Forbes 2015 billionaires’ list shows Asia-Pacific leads the world in terms of real estate wealth, with 96 of the 157 global real estate billionaires. By country, the US has the highest number of real estate billionaires, with 33. China ranks second at 30, followed by Hong Kong, with 24 real estate billionaires. Among the wealthy, those in Asia and Europe tend to hold a higher proportion of their wealth in real estate assets compared with rich individuals in the US.  Those who made their money in real estate are more likely to keep their money in real estate.

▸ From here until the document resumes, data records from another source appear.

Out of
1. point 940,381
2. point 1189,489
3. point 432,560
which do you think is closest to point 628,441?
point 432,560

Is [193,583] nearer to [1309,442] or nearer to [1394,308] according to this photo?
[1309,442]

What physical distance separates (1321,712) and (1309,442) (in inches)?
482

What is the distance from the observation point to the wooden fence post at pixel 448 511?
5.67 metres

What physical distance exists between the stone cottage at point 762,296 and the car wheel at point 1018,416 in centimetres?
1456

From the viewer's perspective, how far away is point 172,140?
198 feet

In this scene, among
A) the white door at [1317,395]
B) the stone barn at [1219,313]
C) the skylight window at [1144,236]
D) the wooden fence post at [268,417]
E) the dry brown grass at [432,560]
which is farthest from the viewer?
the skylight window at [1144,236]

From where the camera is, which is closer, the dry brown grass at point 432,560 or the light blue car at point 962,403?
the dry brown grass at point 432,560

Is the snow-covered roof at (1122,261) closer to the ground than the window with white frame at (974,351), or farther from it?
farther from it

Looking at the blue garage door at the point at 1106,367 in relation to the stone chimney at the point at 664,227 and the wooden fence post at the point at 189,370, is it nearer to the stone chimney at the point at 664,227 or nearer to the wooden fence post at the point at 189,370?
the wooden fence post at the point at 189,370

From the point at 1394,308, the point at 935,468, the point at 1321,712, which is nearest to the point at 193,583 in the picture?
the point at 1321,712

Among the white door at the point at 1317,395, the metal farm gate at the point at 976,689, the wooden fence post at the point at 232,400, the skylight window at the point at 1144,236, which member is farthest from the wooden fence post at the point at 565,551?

According to our data (see chart), which analyses a basket of our Jones Lang LaSalle office global yields against IMF data on global real interest rates and the real return of equity, the spread between commercial property yields and real bond rates is high by historic standards and remain significantly wider than their recent low preceding the global financial crisis. That is despite the fact that yields have tightened in recent months. Even with higher real bond yields, commercial real estate will still provide the long-term income stream characteristics that UHNW value. 

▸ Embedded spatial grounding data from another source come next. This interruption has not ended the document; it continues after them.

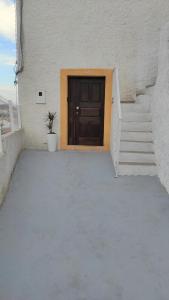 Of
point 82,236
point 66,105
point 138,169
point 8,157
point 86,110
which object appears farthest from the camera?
point 86,110

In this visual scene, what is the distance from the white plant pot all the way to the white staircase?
71.9 inches

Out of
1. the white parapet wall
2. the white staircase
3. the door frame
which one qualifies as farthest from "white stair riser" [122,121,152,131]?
the white parapet wall

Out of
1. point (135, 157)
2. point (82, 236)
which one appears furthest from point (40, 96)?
point (82, 236)

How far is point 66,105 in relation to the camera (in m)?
6.36

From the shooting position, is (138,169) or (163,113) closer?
(163,113)

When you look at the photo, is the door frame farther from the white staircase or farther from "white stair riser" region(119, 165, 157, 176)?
"white stair riser" region(119, 165, 157, 176)

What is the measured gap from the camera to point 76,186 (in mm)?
4723

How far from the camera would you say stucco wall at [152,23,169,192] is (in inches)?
179

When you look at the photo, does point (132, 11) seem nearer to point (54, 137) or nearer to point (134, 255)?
point (54, 137)

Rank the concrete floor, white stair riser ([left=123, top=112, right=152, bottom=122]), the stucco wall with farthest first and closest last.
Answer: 1. white stair riser ([left=123, top=112, right=152, bottom=122])
2. the stucco wall
3. the concrete floor

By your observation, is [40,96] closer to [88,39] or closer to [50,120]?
[50,120]

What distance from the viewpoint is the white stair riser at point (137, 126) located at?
5562 millimetres

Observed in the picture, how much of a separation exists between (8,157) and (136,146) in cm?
273

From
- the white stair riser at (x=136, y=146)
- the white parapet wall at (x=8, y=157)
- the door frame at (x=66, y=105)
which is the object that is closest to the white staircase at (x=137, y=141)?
the white stair riser at (x=136, y=146) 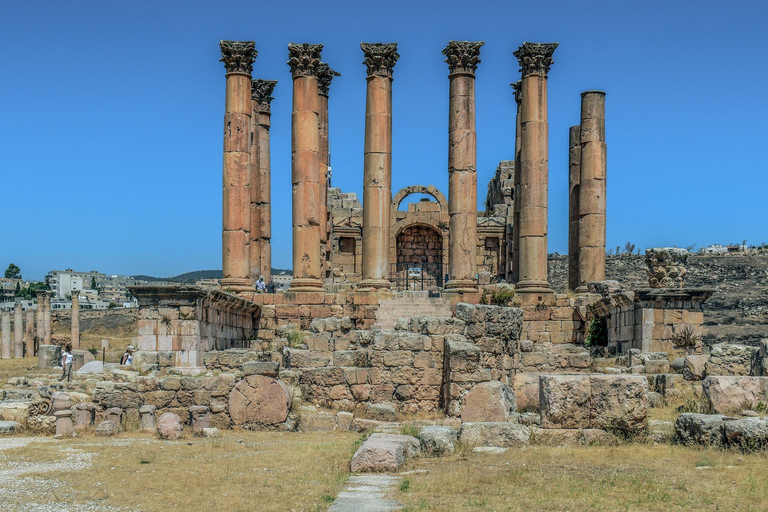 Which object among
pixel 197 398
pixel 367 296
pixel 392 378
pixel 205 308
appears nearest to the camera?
pixel 197 398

While wealthy Asians have been interested in valuable prime office space, hotels and retail properties, there is also a notable increase in interest for higher-yielding assets in smaller and second-tier locations, particularly in the US and Europe – in part due to intense competition and yield compression in prime markets. With the broadening and strengthening of property market fundamentals, investors are becoming more flexible and, in Asia, new players are moving into markets like the Philippines, South Korea, India and Thailand.

The real estate market in the first quarter of 2015 saw continued strong demand for direct real estate. Although the US has pulled back its quantitative easing   program, the Eurozone and Japan are taking up the baton of providing ample liquidity to global markets. Interest rates in the US may move higher later in 2015, which would gain the attention of real estate investors in the world’s most liquid market. JLL estimates that the rate of growth in global investment transactions will moderate to between 5 percent and 10 percent in 2015. However, this will still result in volumes of $740 to $760 billion, matching the record levels of 2007.

Last year, Asian high net worth capital is estimated to account for a third of all outbound capital into direct real estate. These investments by the region’s wealthy individuals, as well as Asian sovereign wealth and pension funds, have been formidable contenders for prime real estate in investment grade and safe haven countries such as the US and western Europe. 

Based on JLL statistics on investment grade commercial properties, Chinese  investors purchased a record $16.5 billion in real estate assets in overseas markets, a 46 percent increase over 2013. According to our latest figures, commercial real estate led the growth with investments increasing by almost 50 percent to over $11.2 billion during the year. This is the first time in history that Chinese buyers have spent more on commercial real estate outside of China than domestically. The surge in outbound investment lifts China into the top five major cross-border capital sources worldwide.

One example of this is a family office managing the assets of a wealthy Chinese family, purchased close to $2 billion worth of commercial real estate between December 2012 and May 2015. The family office acquired two office assets in Australia as well as the Hilton Hotel in Sydney for A$442 million ($353 million), the Marriott Hotel in Paris for €350 million and the Grand Park Orchard in Singapore. 

Asian HNW are increasing in number and are proving to be a force within international real estate markets, and we see no sign of this abating.